=== Your objective ===
Would you please transcribe, exactly as written, the lines of the entries below starting at the one that holds "Blue gorgeous rhinestone" and ending at the one that holds "Baby Jenter Ermeløse", both included?

=== Data section ===
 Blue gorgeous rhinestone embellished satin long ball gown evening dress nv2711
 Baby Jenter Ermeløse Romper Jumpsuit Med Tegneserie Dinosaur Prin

--

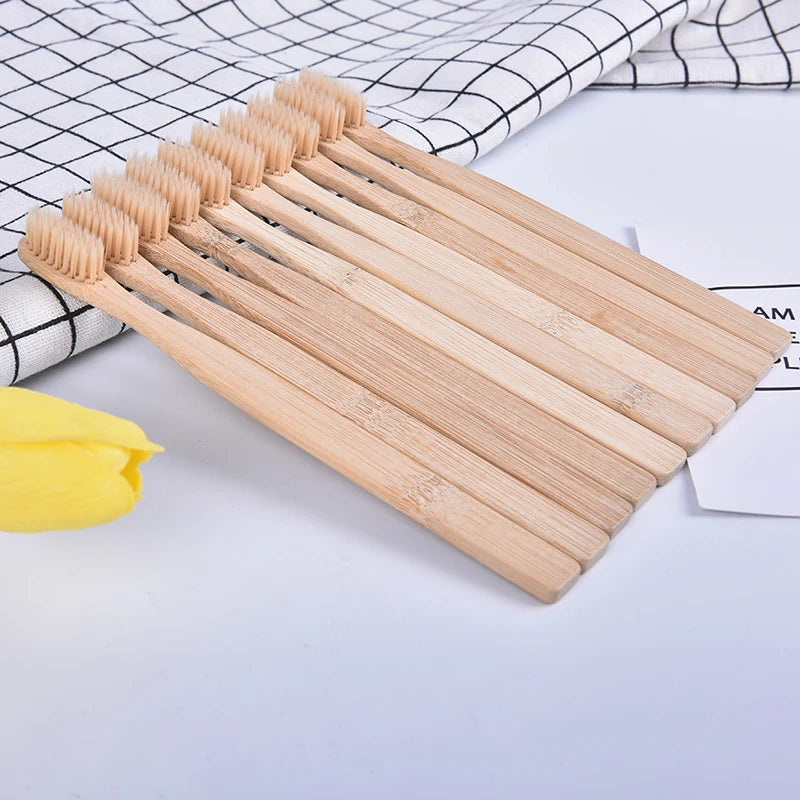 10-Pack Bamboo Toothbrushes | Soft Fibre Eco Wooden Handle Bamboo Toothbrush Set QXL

=== Result ===
 Blue gorgeous rhinestone embellished satin long ball gown evening dress nv2711
 Baby Jenter Ermeløse Romper Jumpsuit Med Tegneserie Dinosaur Prin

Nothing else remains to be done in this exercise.